___ Data shown ___

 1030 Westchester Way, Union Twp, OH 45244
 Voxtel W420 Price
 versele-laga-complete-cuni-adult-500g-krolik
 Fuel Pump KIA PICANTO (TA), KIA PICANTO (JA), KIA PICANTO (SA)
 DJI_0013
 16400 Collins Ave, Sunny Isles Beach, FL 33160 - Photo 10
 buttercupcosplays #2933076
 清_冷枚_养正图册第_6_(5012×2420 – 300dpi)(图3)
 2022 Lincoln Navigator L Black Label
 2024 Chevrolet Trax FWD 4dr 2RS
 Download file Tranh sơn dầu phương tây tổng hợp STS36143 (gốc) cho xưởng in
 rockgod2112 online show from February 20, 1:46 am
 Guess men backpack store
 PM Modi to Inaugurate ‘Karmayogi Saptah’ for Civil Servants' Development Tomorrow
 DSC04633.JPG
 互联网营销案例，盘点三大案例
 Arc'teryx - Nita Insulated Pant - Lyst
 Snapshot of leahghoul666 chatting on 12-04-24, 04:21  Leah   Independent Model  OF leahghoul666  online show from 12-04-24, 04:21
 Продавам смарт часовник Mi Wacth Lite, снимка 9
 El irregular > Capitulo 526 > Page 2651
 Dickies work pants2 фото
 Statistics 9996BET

___

* _What needs to be done_
Transcribe every entry word for word.

* _Answer space_
 1030 Westchester Way, Union Twp, OH 45244
 Voxtel W420 Price
 versele-laga-complete-cuni-adult-500g-krolik
 Fuel Pump KIA PICANTO (TA), KIA PICANTO (JA), KIA PICANTO (SA)
 DJI_0013
 16400 Collins Ave, Sunny Isles Beach, FL 33160 - Photo 10
 buttercupcosplays #2933076
 清_冷枚_养正图册第_6_(5012×2420 – 300dpi)(图3)
 2022 Lincoln Navigator L Black Label
 2024 Chevrolet Trax FWD 4dr 2RS
 Download file Tranh sơn dầu phương tây tổng hợp STS36143 (gốc) cho xưởng in
 rockgod2112 online show from February 20, 1:46 am
 Guess men backpack store
 PM Modi to Inaugurate ‘Karmayogi Saptah’ for Civil Servants' Development Tomorrow
 DSC04633.JPG
 互联网营销案例，盘点三大案例
 Arc'teryx - Nita Insulated Pant - Lyst
 Snapshot of leahghoul666 chatting on 12-04-24, 04:21  Leah   Independent Model  OF leahghoul666  online show from 12-04-24, 04:21
 Продавам смарт часовник Mi Wacth Lite, снимка 9
 El irregular > Capitulo 526 > Page 2651
 Dickies work pants2 фото
 Statistics 9996BET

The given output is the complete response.